Sasuke menggeleng. "Aku tidak bilang begitu, Neji. Tapi tadi aku melihat..." Tiga pasang anak muda tadi meringsek maju, ingin mendengar ucapan lirihnya yang terputus.

Seorang gadis bercepol dua bertanya penasaran, "Melihat apa, Sasuke?"

"Aku melihat..."

"Melihat?" ulang teman-temannya serempak.

"Ino."

###

Rabu, 20 Juli 20xx

.

.

"Aku tak apa, Kaa-san. Bisakah tidak memperlakukanku seperti orang yang sakit jiwa?"

Mikoto menatap anak lelaki keduanya itu. Hatinya miris melihat betapa tirusnya wajah pemuda di hadapannya itu. "Sasuke-kun. Kaa-san hanya khawatir pada—"

"Khawatir kalau aku menjadi gila?" potong Sasuke marah. "Sudah kubilang aku baik-baik saja! Kenapa tidak ada yang percaya!"

"Bagaimana kami bisa percaya kalau kaubilang bahwa kau melihat orang yang sudah meninggal?" bentak seorang pemuda berambut panjang dikuncir. Gurat-gurat halus memanjang di pipi bagian dalam, membuatnya nampak lebih tua dari umur yang sebenarnya.

"Jangan bertengkar, kalian. Sudah, sudah. Ayo, Itachi-kun. Biarkan Sasuke-kun istirahat." Mikoto menarik tangan Itachi, memaksanya keluar. Itachi menampakkan wajah kesal.

Setelah Mikoto dan Itachi keluar, Sasuke langsung merebahkan badannya ke atas kasurnya. Pandangannya menerawang, tapi pikirannya entah terbang kemana.

Sasuke baru saja pulang dari liburan di pantai bersama teman-temannya tadi malam. Begitu ia menceritakan tentang sosok gadis yang dilihatnya, semua menganggapnya hanya berkhayal. Meskipun ia ngotot mempercayai penglihatannya, tak ada yang peduli. Bahkan ibunya jadi mengkhawatirkannya, takut kalau dirinya tak bisa lepas dari bayang-bayang gadis itu.

Halusinasikah?

Tak mungkin! bantahnya. Akan tetapi, sekalipun Sasuke mengatakan hal yang di luar akal sehat manusia dan tetap ngotot, Shikamaru berkata hal yang sama.

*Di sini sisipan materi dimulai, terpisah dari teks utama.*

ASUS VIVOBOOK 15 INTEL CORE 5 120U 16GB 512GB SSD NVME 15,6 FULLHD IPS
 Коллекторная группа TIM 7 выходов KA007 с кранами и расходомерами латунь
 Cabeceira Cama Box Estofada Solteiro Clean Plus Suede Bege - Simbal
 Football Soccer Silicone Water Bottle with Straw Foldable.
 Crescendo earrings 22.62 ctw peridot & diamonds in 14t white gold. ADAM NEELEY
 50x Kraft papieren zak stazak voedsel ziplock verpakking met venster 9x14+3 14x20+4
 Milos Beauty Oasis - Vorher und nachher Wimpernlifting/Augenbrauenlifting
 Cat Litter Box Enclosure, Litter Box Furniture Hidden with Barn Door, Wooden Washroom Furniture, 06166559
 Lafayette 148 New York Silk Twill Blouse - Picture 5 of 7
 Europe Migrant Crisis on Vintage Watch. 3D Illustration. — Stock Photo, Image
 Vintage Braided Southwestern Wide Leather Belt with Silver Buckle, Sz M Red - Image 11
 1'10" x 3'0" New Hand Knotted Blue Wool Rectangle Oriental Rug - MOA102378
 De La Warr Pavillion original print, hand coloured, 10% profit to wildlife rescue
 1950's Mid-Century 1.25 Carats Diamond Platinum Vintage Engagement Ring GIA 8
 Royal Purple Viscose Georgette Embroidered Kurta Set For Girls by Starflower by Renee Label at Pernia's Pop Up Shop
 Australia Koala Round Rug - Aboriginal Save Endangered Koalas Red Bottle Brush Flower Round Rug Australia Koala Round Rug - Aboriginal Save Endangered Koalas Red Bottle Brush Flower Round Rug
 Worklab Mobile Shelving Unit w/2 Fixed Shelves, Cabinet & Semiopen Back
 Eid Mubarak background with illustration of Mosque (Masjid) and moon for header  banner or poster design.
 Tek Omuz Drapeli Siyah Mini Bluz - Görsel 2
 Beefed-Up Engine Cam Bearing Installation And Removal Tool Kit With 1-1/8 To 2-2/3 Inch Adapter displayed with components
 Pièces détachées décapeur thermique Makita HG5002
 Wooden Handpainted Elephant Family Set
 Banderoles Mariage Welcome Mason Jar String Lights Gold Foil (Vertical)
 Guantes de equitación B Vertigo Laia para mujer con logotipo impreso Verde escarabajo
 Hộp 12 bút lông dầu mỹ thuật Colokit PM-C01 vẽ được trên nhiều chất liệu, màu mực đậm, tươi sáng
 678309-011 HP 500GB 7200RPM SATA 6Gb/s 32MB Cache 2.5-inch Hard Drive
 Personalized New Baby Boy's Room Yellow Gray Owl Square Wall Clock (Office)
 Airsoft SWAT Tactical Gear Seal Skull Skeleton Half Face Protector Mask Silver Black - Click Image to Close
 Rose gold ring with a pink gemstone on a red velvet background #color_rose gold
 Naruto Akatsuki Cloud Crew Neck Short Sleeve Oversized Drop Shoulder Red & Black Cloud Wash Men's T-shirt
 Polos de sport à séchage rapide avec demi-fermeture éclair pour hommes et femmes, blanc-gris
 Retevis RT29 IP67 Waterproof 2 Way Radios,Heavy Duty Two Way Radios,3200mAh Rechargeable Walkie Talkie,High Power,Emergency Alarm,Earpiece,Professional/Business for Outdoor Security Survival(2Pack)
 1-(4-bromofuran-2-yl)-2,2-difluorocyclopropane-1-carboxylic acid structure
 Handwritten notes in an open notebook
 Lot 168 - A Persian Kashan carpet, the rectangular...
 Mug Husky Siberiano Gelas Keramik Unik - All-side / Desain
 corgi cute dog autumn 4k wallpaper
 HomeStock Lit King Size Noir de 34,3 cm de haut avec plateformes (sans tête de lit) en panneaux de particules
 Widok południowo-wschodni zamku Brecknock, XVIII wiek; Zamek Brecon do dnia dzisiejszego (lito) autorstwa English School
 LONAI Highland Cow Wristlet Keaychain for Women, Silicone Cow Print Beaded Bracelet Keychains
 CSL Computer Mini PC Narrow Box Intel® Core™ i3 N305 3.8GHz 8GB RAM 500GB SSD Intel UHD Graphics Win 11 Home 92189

Shikamaru, beranggapan bahwa penglihatan itu bisa saja terjadi akibat proses alam bawah sadar Sasuke bekerja untuk menghidupkan bayangan orang yang ingin diingat, sehingga menimbulkan hal yang disebut sebagai halusinasi visual otak. Dimana memori otak Sasuke membentuk suatu tatanan bentuk daripada keinginan, dan direalisasikan dalam dunia nyata. Dan dalam proses terbentuknya itu dapat dipengaruhi oleh cahaya, atau unsur padanan lain. Ia tak mau menyebutkan penjelasan sains yang lebih jauh, kasusnya bisa berbeda.

Dan hal itu sudah pasti dibantah mentah-mentah oleh Sasuke, yang tahu bahwa penjabaran itu menyudutkannya sebagai terdakwa sakit jiwa. Pertama, ia bukan penjahat. Kedua, ia bukan pesakitan.

Krieet...

Sasuke duduk dari tidurnya, dengan cepat dan menajamkan telinga. Diedarkannya pandangan, berusaha mencari sesuatu hal ganjil. Sekian lama ia konsentrasi, nihil. Tak ada apa-apa juga tak ada siapa-siapa. Namun, begitu ia hendak melanjutkan tiduran, sekelebat bayangan hitam melintas ke arah pintu kamarnya. Sasuke langsung jatuh terguling ke samping menghantam lantai karena kaget, beserta selimutnya yang tergulung di kakinya.

Angin dingin berembus sekilas. Tengkuk Sasuke meremang, tulang punggungnya langsung ngilu. Perlahan ia bangkit, memijit punggungnya yang telanjang, kemudian mengambil sehelai kaus hitam dan memakainya. Ia pun keluar kamar begitu mendengar suara langkah kaki, tepatnya ketukan sepatu di lantai.

Ia tak melihat apa-apa. Suara langkah itu hilang, lenyap begitu saja. Namun, ketika ia hendak turun dan sedang berada di undakan tangga nomor lima dari atas, suara langkah itu terdengar lagi. Sasuke menoleh.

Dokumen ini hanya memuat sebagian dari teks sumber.